The new Executive Order 13959 (EO or the Order) bans transactions by US persons in publicly traded securities of companies identified as “Chinese military companies,” and includes a ban on trading in derivatives of those securities and any securities designed to “provide investment exposure” to such securities, thereby capturing Exchange Traded Funds and arguably extending to funds that rely on those companies’ securities in any manner.
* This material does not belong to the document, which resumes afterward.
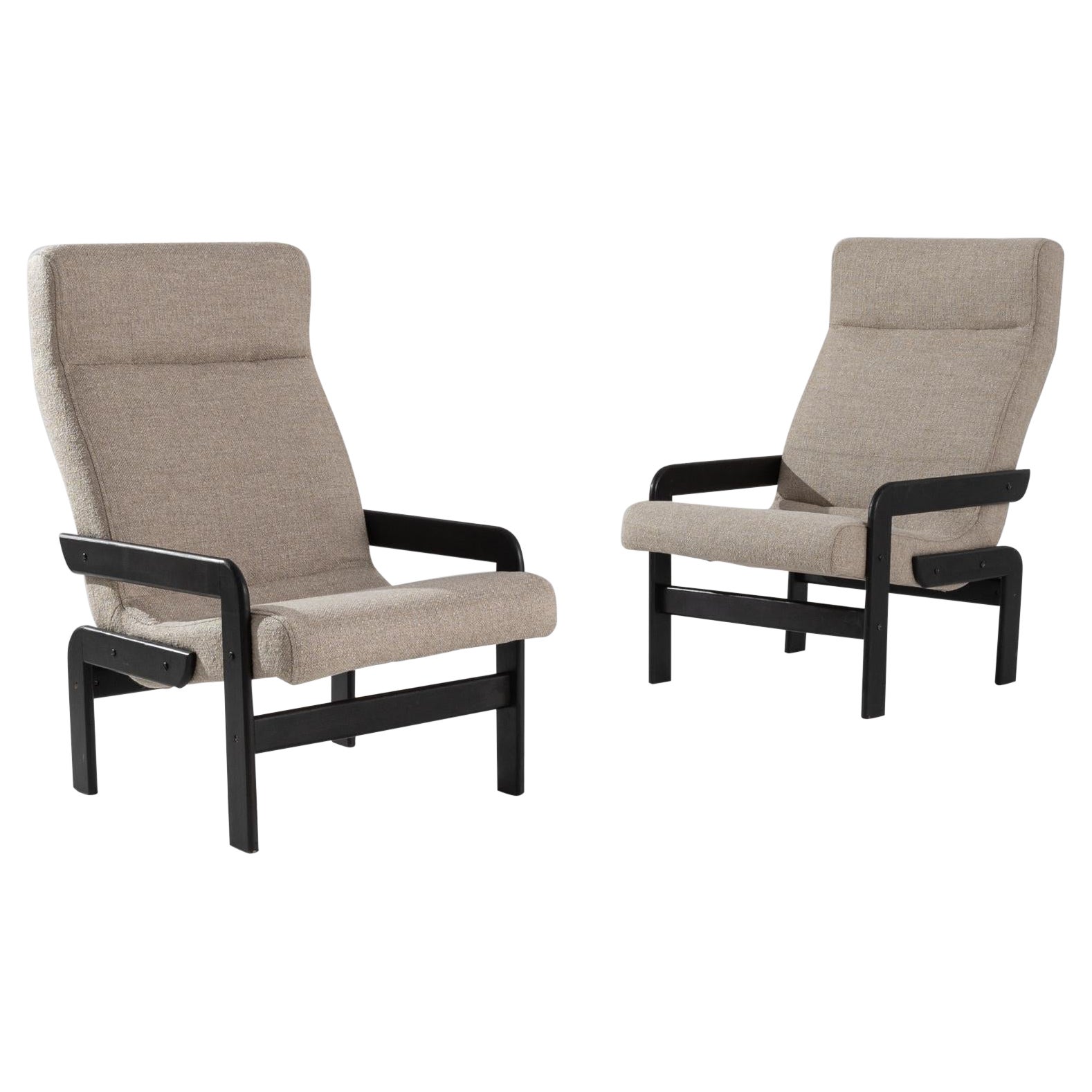 20th Century Czech Beige Wooden Armchairs, a Pair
The EO provides an 11-month wind down for divestiture of covered securities and positions.


On November 12, 2020, President Donald Trump took further action in the ongoing whole of government approach to dealing with the national security threats the administration has identified arising from China’s “Military-Civil Fusion.” Invoking the authority of the International Emergency Economic Powers Act, 50 U.S.C. § 1701 et seq. (IEEPA), the EO declares a national emergency with respect to the ability of those companies to continue to tap into the US capital markets as a source of funding for China’s “development and modernization of its military.” The EO prohibits “any transaction in publicly traded securities, or any securities that are derivative of or are designed to provide investment exposure to” securities, of any “Communist Chinese military company” – a defined term both in the EO and in the laws upon which it rests to identify those entities.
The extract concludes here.